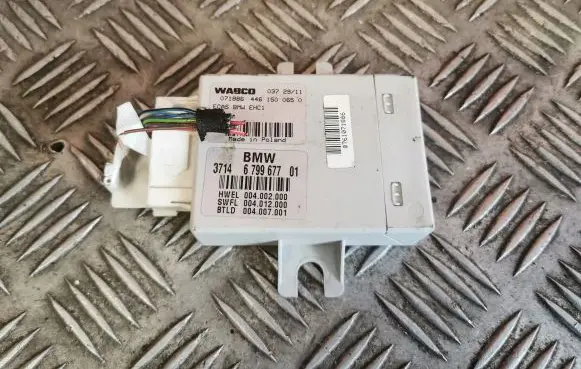 BMW 5 F10 F11 Suspension control unit/module 6799677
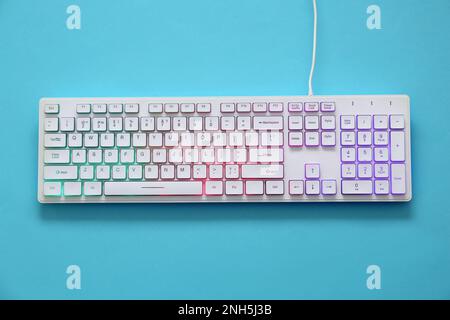 Clavier RVB moderne sur fond turquoise, vue de dessus Banque D'Images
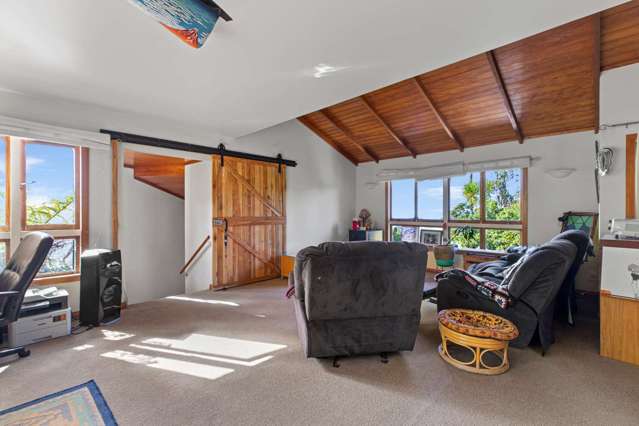 505 Scenic Drive Waiatarua_4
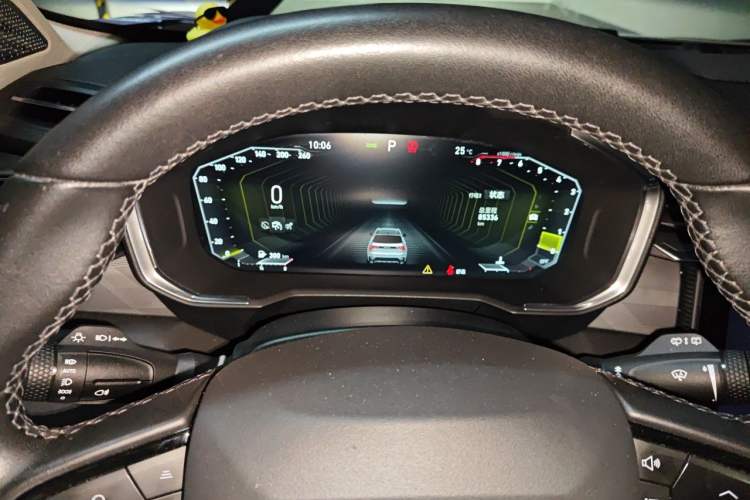 Used Lynk & Co 01 2021 2.0TD Two-Wheel-Drive Pro Trim Instrument Cluster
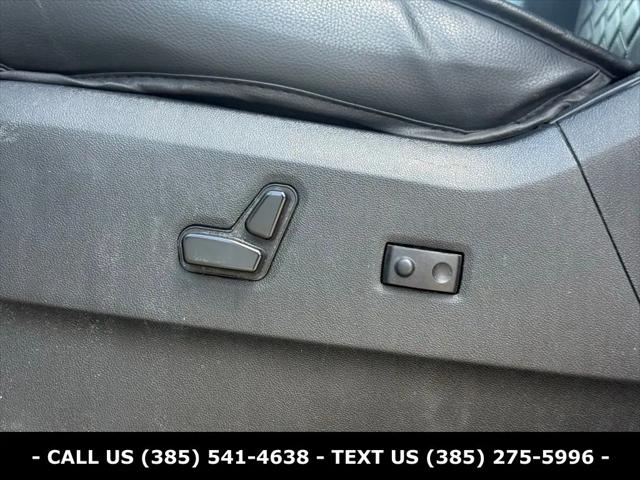 2012 Chrysler Town & Country Touring-L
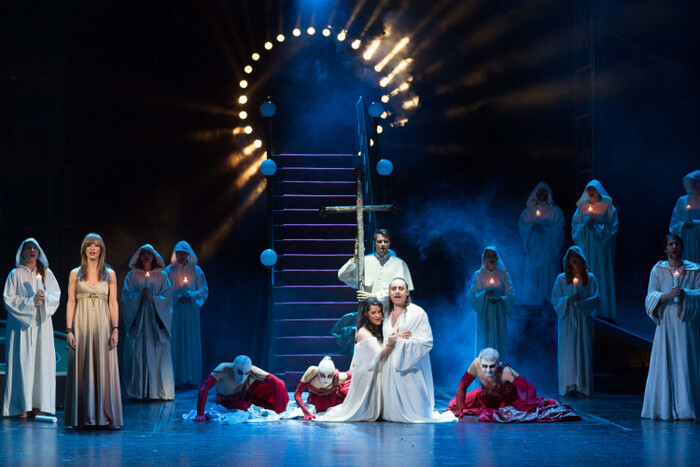 Dracula 2015 - fotografie 2 z 14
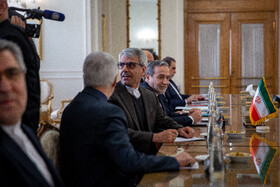 دیدار هاکان فیدان، وزیر خارجه ترکیه با سیدعباس عراقچی، وزیر خارجه ایران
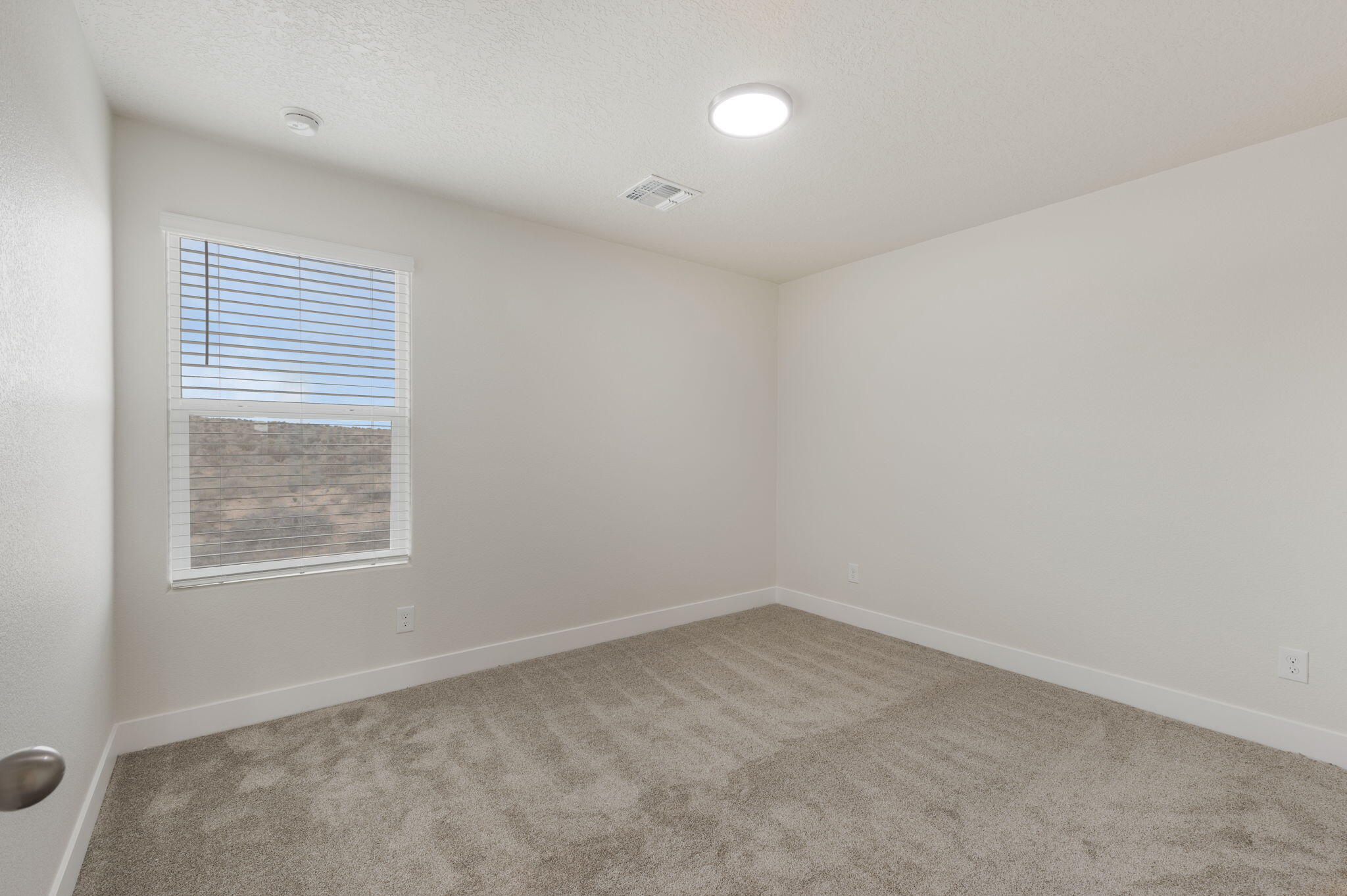 3656 Queen Court NE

* [Task to carry out] Reproduce exactly the part of the records above that begins at the line holding "Clavier RVB moderne" and ends at the final line, both included, leaving out the pictures.

* [Expected output]
 Clavier RVB moderne sur fond turquoise, vue de dessus Banque D'Images
 505 Scenic Drive Waiatarua_4
 Used Lynk & Co 01 2021 2.0TD Two-Wheel-Drive Pro Trim Instrument Cluster
 2012 Chrysler Town & Country Touring-L
 Dracula 2015 - fotografie 2 z 14
 دیدار هاکان فیدان، وزیر خارجه ترکیه با سیدعباس عراقچی، وزیر خارجه ایران
 3656 Queen Court NE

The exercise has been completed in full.